Essa não é mais a posição jurisprudencial que vigora atualmente. Em verdade, esse entendimento era válido em casos mais antigos, envolvendo cartão sem chip e sem a necessidade de senha, haja vista que, nesse cenário, os lojistas tinham sim o dever de conferir, ao menos, a identidade da pessoa que estava efetuando a compra e a sua assinatura no boleto ou no canhoto. Atualmente, porém, a realidade das transações comerciais é outra.

Hoje em dia, para a realização de compras com cartão, é necessário apenas que a pessoa que o esteja portando digite a sua senha pessoal, ou então, em compras realizadas pela internet, digite todos os dados necessários para a operação, inclusive código de segurança. No cenário atual, exigir do lojista, caso seja utilizada a senha correta, que ele faça conferência extraordinária, para verificar se aquele cartão foi emitido regularmente e não foi objeto de fraude ou furto não parece razoável, até porque, enquanto não for registrada nenhuma ocorrência, é mesmo impossível atestar a inexistência de irregularidades.

Assim, não é correto imputar responsabilidade à empresa ou à loja em que foi utilizado o cartão extraviado, furtado ou fraudado para a realização de compras, a não ser que se comprove que o lojista também está envolvido na fraude, furto ou roubo, ou que o cartão tenha sido emitido em razão de parceria comercial entre o estabelecimento comercial e o banco administrador.
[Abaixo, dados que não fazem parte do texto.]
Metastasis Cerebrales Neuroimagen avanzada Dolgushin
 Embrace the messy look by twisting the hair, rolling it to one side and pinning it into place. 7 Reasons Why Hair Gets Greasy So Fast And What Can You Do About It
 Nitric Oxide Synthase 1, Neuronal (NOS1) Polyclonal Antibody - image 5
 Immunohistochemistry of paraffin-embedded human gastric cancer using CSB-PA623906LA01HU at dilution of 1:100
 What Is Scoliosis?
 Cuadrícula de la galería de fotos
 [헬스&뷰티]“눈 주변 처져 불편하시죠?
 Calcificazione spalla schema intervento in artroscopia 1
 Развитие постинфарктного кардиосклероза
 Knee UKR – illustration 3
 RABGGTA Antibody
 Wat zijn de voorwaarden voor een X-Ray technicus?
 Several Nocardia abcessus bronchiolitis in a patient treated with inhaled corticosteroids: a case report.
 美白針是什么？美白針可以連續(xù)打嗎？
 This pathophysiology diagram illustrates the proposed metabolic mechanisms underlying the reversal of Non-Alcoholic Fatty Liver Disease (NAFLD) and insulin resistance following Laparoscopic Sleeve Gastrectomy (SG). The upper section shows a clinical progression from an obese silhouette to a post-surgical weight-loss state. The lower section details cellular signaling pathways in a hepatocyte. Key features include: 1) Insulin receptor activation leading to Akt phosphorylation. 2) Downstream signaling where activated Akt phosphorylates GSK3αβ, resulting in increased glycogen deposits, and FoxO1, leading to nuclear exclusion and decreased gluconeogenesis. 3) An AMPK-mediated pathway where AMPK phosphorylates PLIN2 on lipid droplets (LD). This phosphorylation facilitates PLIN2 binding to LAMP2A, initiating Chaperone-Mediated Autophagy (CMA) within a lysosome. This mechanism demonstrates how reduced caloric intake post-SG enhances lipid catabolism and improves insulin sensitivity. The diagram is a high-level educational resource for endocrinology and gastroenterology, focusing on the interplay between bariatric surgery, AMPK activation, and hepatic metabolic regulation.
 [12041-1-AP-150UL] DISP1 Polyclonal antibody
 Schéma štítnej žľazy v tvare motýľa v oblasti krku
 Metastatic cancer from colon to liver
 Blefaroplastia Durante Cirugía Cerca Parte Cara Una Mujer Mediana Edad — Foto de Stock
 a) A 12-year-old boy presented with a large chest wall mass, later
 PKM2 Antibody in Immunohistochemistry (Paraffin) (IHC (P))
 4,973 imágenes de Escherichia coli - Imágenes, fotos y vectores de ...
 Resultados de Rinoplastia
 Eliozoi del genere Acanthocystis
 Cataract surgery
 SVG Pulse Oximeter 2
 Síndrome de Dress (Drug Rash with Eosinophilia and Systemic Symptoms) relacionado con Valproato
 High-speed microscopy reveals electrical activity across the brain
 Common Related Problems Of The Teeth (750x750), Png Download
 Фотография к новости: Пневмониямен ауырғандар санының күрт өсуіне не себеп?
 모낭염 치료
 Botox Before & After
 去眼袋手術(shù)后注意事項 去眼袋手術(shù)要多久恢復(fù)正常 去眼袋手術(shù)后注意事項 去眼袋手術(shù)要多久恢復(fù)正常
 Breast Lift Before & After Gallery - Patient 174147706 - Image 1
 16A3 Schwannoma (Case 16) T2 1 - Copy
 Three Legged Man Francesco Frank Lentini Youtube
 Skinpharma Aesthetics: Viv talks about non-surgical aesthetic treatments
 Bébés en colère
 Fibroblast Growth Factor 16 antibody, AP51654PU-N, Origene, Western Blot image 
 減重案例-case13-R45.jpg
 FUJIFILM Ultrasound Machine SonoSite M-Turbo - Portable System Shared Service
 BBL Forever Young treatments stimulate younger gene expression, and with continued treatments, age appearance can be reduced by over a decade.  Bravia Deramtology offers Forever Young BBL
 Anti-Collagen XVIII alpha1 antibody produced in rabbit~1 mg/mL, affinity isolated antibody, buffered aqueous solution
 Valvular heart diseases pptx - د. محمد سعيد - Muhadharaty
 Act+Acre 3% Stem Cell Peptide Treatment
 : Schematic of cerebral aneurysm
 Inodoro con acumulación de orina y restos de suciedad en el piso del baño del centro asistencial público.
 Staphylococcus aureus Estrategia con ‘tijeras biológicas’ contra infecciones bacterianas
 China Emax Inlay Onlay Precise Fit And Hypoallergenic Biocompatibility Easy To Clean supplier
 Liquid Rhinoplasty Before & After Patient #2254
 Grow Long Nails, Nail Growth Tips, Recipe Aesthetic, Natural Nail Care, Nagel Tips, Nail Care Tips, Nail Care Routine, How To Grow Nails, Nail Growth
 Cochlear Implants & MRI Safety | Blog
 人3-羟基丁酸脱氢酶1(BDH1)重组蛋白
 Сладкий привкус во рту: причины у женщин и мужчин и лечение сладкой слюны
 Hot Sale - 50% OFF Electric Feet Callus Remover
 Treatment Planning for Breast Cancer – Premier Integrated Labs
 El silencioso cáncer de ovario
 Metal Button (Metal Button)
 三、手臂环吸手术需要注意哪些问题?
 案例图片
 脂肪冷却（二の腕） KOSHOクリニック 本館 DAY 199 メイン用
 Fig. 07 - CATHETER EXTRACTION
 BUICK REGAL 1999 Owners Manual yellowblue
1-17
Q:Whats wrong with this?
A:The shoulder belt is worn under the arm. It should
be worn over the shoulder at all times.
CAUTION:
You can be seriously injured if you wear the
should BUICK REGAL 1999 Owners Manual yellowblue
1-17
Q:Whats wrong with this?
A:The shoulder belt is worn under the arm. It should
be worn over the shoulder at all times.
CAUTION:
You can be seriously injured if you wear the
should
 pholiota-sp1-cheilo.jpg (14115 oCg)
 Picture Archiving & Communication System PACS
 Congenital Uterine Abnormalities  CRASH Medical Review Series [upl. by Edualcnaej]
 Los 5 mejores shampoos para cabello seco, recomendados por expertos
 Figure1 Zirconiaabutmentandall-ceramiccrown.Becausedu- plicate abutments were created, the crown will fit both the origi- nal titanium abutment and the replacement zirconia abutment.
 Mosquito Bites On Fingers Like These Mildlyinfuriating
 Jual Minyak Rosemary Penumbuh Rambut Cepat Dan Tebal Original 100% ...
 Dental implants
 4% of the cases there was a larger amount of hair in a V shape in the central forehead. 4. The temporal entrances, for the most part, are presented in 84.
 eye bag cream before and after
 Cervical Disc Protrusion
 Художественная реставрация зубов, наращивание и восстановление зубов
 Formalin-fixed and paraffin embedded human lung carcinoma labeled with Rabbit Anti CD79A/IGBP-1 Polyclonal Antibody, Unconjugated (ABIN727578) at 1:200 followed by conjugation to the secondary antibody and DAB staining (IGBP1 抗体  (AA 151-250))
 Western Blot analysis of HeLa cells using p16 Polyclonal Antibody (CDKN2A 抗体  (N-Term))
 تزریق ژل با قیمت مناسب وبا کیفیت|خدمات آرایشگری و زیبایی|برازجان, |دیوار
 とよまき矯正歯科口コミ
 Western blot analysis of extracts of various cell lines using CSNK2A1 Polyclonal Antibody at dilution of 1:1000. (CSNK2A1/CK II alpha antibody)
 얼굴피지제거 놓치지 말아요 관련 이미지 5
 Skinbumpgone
Se os cartões de crédito estão livres de restrição, ou seja, desbloqueados e sem impedimentos de ordem financeira, não há como entender, pelo simples fato de autorizarem a compra, que os lojistas estariam vinculados à fraude.

 

Em suma:

Não há como imputar responsabilidade à empresa ou à loja em que foi utilizado cartão de crédito extraviado, furtado ou fraudado para a realização de compras, especialmente se houve uso regular de senha ou, então, em compras efetuadas pela internet, se houve a digitação de todos os dados necessários para a operação. 

STJ. 4ª Turma. REsp 2.095.413-SC, Rel. Min. Maria Isabel Gallotti, julgado em 24/10/2023 (Info 15 – Edição Extraordinária). 

 

No mesmo sentido:

Não comete ato ilícito o estabelecimento comercial que deixa de exigir documento de identidade no momento do pagamento mediante cartão com uso de senha, considerando que não existe lei federal que estabeleça obrigação nesse sentido.

STJ. 3ª Turma. REsp 1.676.090/RS, Rel. Min. Ricardo Villas Bôas Cueva, julgado em 27/8/2019.